Cephalic indices are grouped as in the following table:

| Females | Males | Scientific term | Meaning | Alternative term |
|---|---|---|---|---|
| < 75 | < 75.9 | dolichocephalic | 'long-headed' |  |
| 75 to 83 | 76 to 81 | mesaticephalic | 'medium-headed' | mesocephalic; mesocranial |
| > 83 | > 81.1 | brachycephalic | 'short-headed' | brachycranial |

Technically, the measured factors are defined as the maximum width of the bones that surround the head above the supramastoid crest (behind the cheekbones), and the maximum length from the most easily noticed part of the glabella (between the eyebrows) to the most easily noticed point on the back part of the head.

===Controversy===

The usefulness of the cephalic index was questioned by the Italian anthropologist Giuseppe Sergi, who argued that cranial morphology provided a better means to model racial ancestry.
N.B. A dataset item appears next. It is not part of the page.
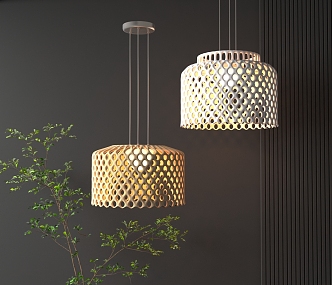 Special-shaped art chandelier 3d model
Also, the Jewish anthropologist Franz Boas studied the children of immigrants to the United States in 1910 to 1912, noting that the children's cephalic index differed significantly from their parents', implying that local environmental conditions had a significant effect on the development of head shape.

Boas argued that if craniofacial features were so malleable in a single generation, then the cephalic index was of little use for defining race and mapping ancestral populations. Scholars such as Earnest Hooton continued to argue that both environment and heredity were involved. Boas did not himself claim it was totally plastic.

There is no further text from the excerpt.